Hoje, Bolsonaro busca um novo partido para disputar as eleições de 2022. A ideia inicial era criar uma nova legenda, o Aliança pelo Brasil, o que tem ficado cada vez mais distante. 


HISTÓRICO POLÍTICO DE JAIR BOLSONARO 

1988 – Jair Bolsonaro entra para a reserva do Exército com a patente de capitão e inicia sua carreira política ao se eleger vereador da cidade do Rio de Janeiro pelo Partido Democrata Cristão (PDC).

1990 – É eleito deputado federal. Abandona a Câmara Municipal para ingressar na Câmara dos Deputados, em Brasília. Bolsonaro ocuparia o cargo por 27 anos, até 2018.


1993 – O então deputado passa pela primeira mudança de partido, deixando o PDC para ingressar no Partido Progressista Reformador (PPR).


1994 – Bolsonaro é reeleito deputado federal.


1995 – Jair muda de partido mais uma vez. Passa a integrar o então Partido Progressista Brasileiro (PPB), que viria a se transformar no atual Partido Progressista (PP).


1998 – Bolsonaro é eleito para o terceiro mandato como deputado.


2002 – O então deputado é reeleito para o quarto mandato.


2003 – Bolsonaro deixa o PPB para se filiar ao PTB.

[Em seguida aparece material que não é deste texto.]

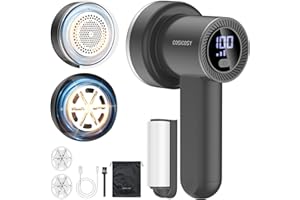 Cosicosy Fabric Shaver, Bobble Remover for Clothes Lint Remover Debobbler Clothes Shaver LED Digital Display 2-In-1 Lint Roller Wool Defuzzer Fluff Remover Quick and Effective Grey (3 Blades Included)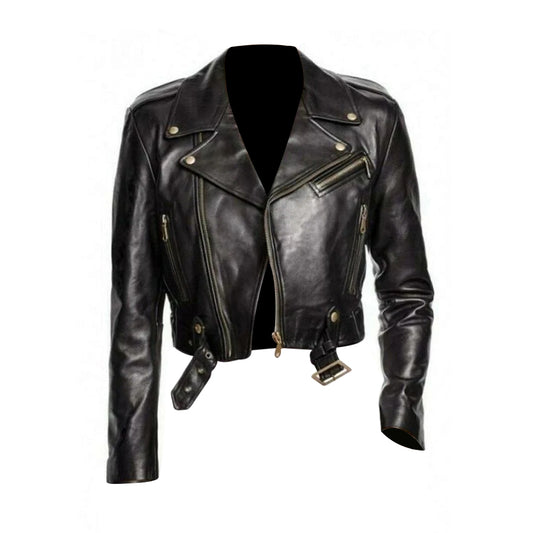 Women's Genuine Leather Biker Jacket - Black Cropped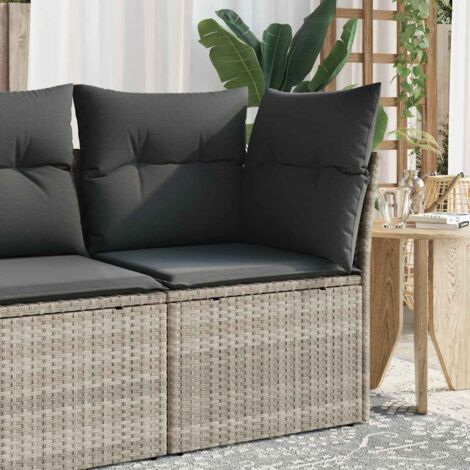 vidaXL Garden Sofa Corner with Cushions Light Grey Poly Rattan
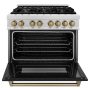 ZLINE - 36 in. Wide 6 Burner 4.6 cu. ft. Autograph Legacy Dual Fuel Freestanding Range in Satin Steel w/ Black & Bronze Accents - Black Matte - Image 2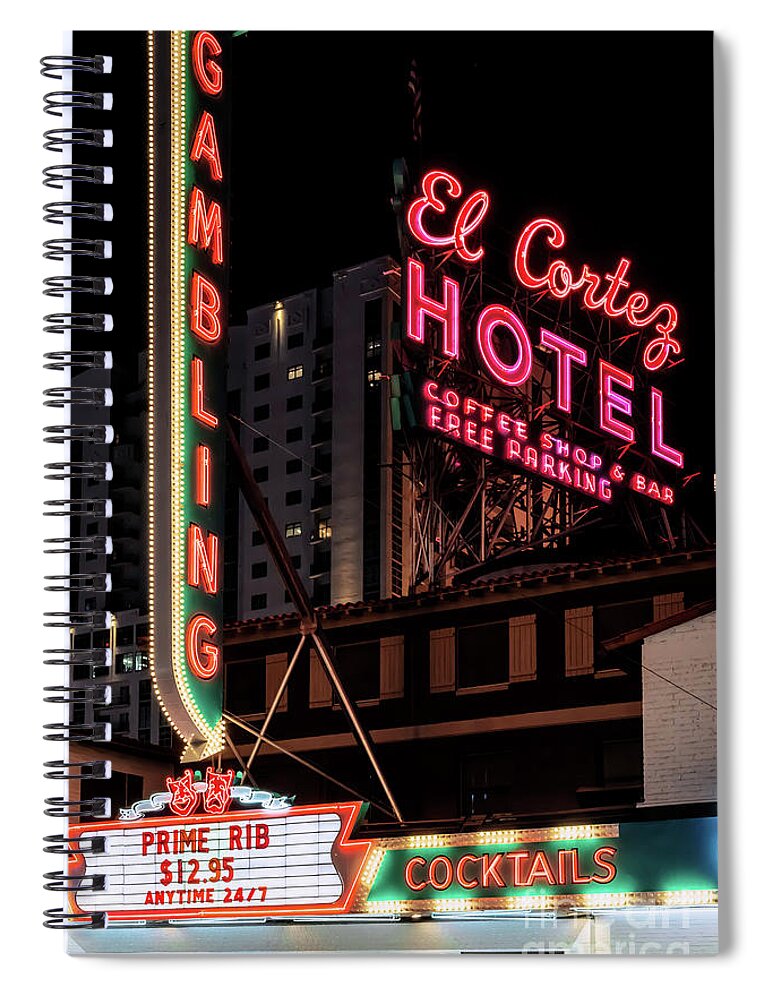 El Cortez Hotel Spiral Notebook featuring the photograph El Cortez Casino Fremont Street Neon Signs at Night by Aloha Art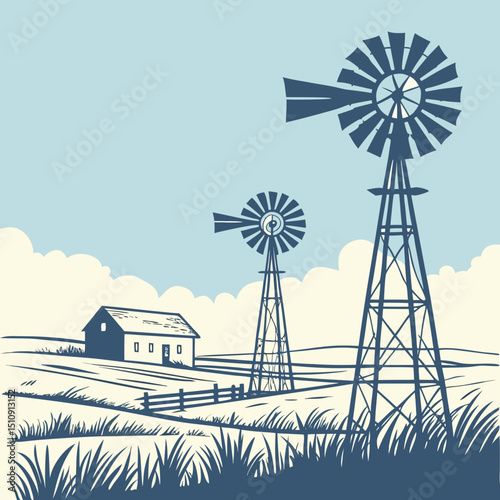 "Flat windmill farm background — rural vector field, blue sky, minimal style"

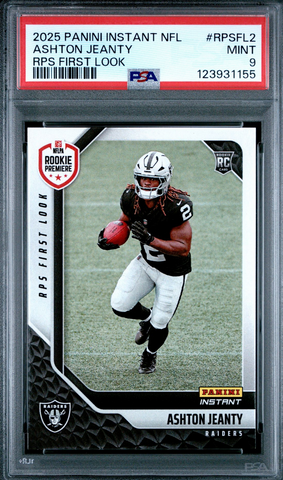 Graded 2025 Panini Instant Ashton Jeanty #RPSFL2 RPS First Look Rookie RC Football Card PSA 9 Mint (ONLINE ORDER ONLY)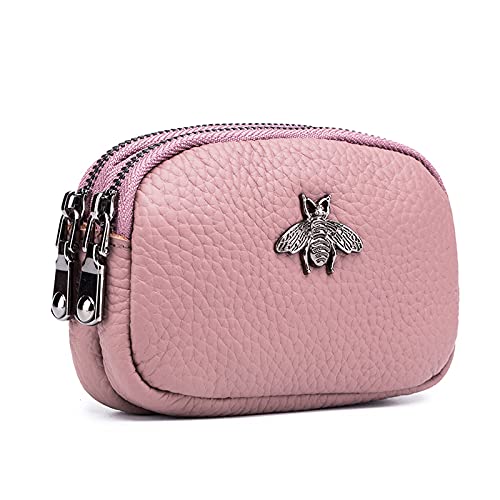 Genuine Leather Coin Purse for Women Small Double Zipper Wallet Mini Change Pouch with Bee Charm for Cash Cards Keys Cute Compact Organizer (Pink) - color: Pink
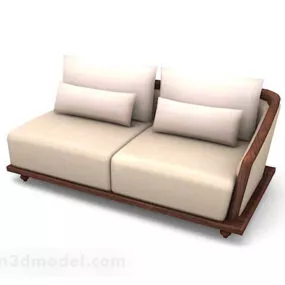 Simple Beige Double Sofa 3d model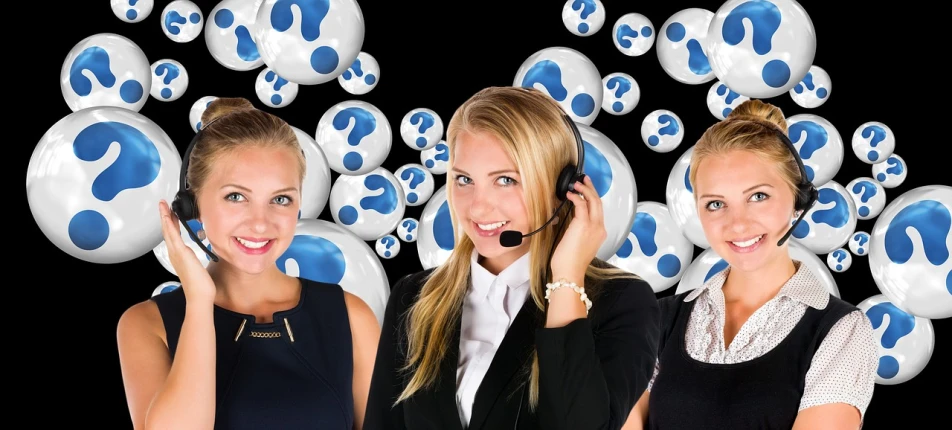 a group of women standing next to each other, trending on pixabay, digital art, wearing headset, metaballs, call now, blue white colors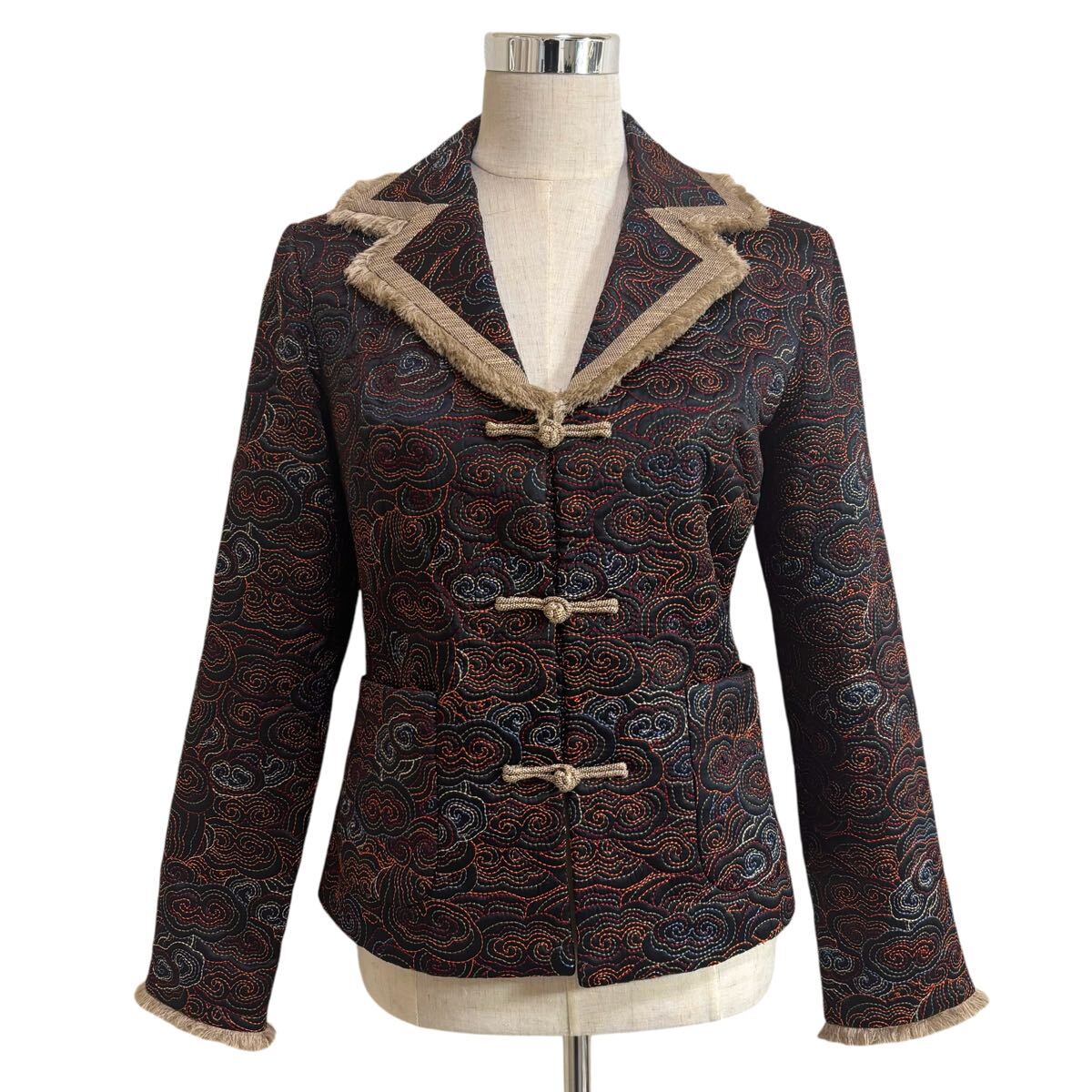 SHANGHAI TANG シャンハイタン シルク 総刺 ドレスジャケット 上海灘 中華ジャケット拍卖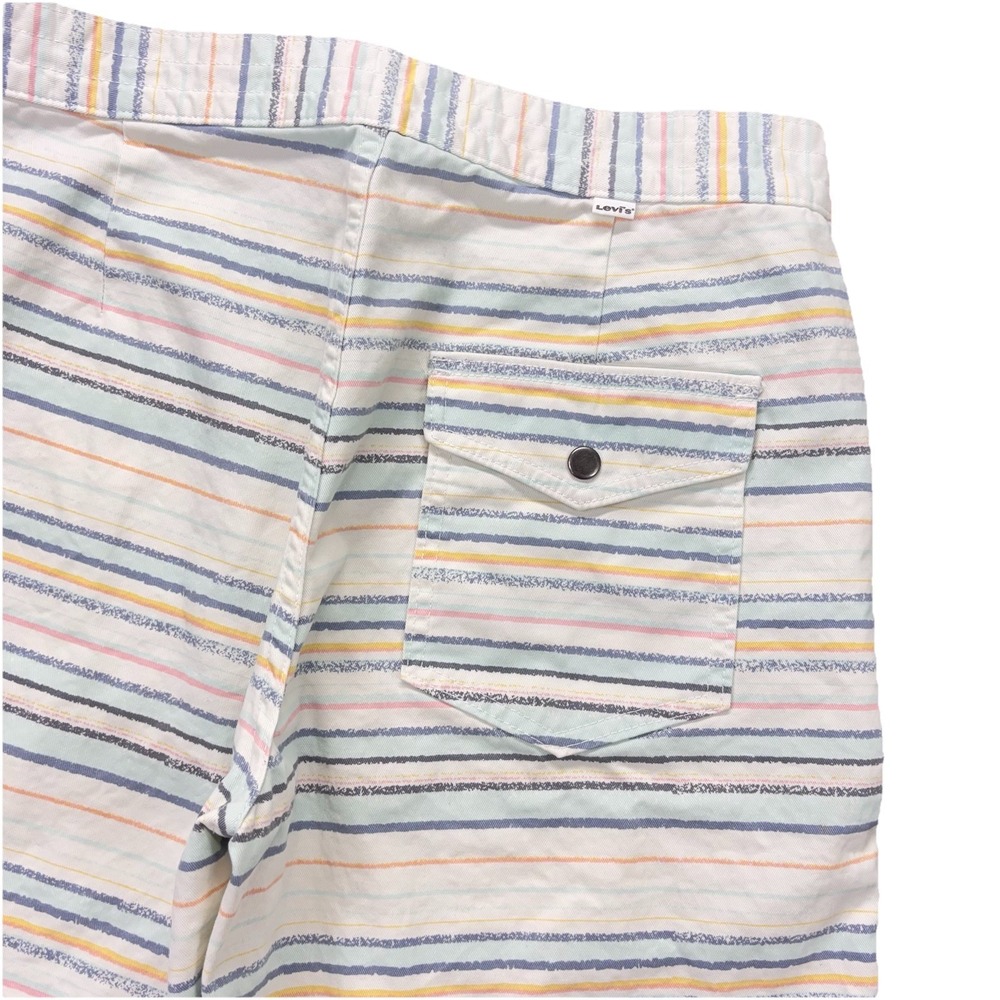 Levis California Board Shorts Mens 33x10 Unlined Multicolor Striped Pockets
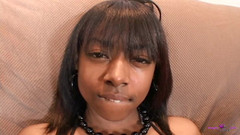 Naughty Black Girls: Twenty Year Old Ebony with Hairy Pussy Is Devouring Cock...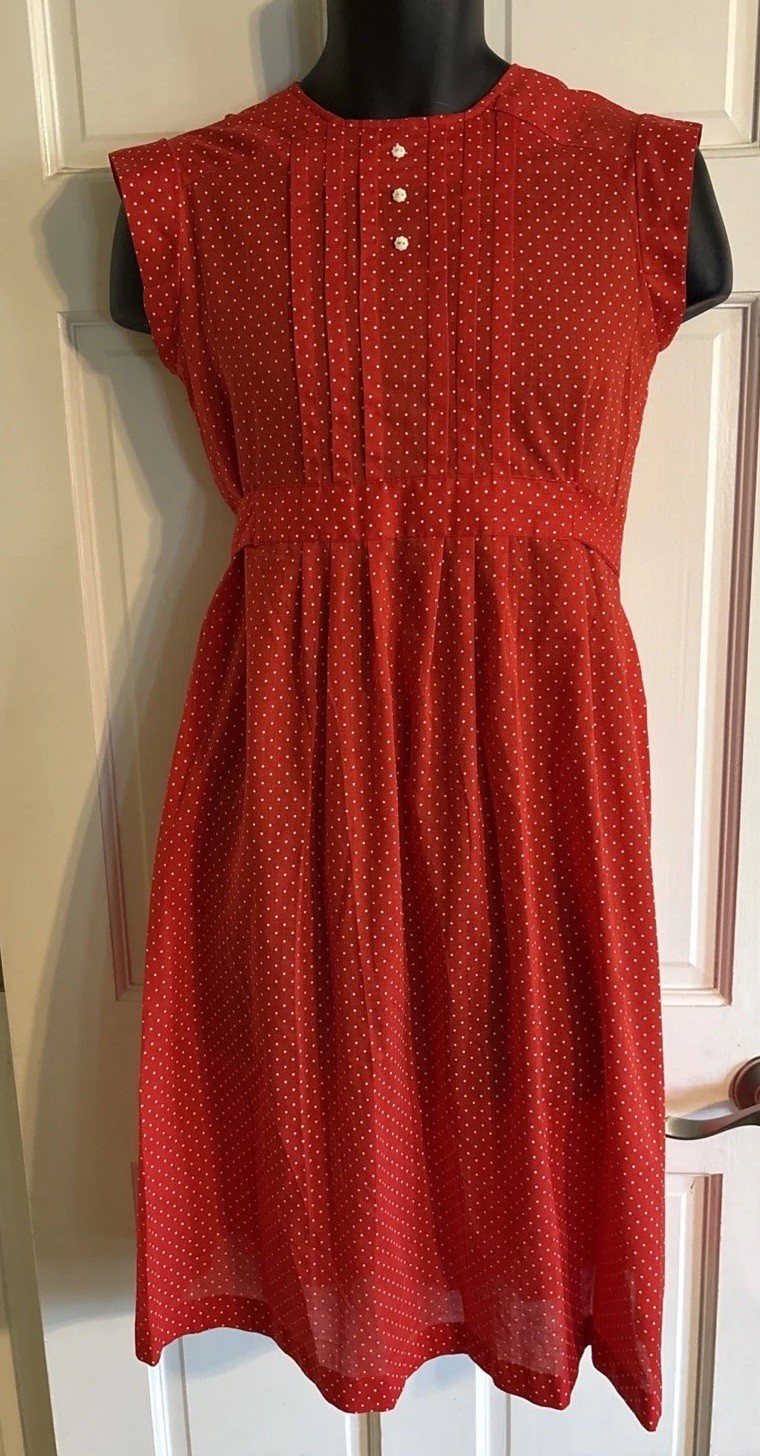 Vintage 70s Red Polka Dot Maternity Dress Medium USA Pintuck Cottagecore Prairie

2005 – Jair tem uma passagem rápida pelo antigo Partido da Frente Liberal (PFL), que viria a se tornar o atual DEM, e ingressa no PP, partido em que passou a maior parte de sua carreira política.


2006 – Bolsonaro eleito para o quinto mandato como deputado federal. 


2010 – O então deputado se reelege mais uma vez e parte para o sexto mandato.


2014 – Bolsonaro eleito para o sétimo mandato como deputado federal. Chegou-se a especular se Bolsonaro concorreria à presidência na ocasião. Desde então, ele esteve em uma espécie de corrida eleitoral informal pensando no pleito presidencial de 2018, com forte mobilização nas redes sociais. Ao longo dos anos subsequentes, as revelações da Lava Jato viriam a descredibilizar os representantes da “velha política”, criando um lapso de representatividade que viria a ser ocupado por Bolsonaro.


2018 – Jair Bolsonaro ingressa no Partido Social Liberal (PSL) para disputar as eleições presidenciais. Ao longo da campanha, ele desponta como alternativa ao poste de Lula, Fernando Haddad, do PT. Quando já estava à frente nas pesquisas, é esfaqueado em Juiz de Fora, durante comício. Bolsonaro é eleito como o 38º presidente do Brasil. 


Depois das eleições, vem à tona o relatório do Coaf que aponta movimentações financeiras atípicas de Fabrício Queiroz. As investigações viriam a se desdobrar no escândalo das rachadinhas no gabinete de Flávio Bolsonaro na Alerj. Mais tarde, a Crusoé descobriria que Queiroz depositou R$ 89 mil para Jair Bolsonaro por meio da conta de Michelle.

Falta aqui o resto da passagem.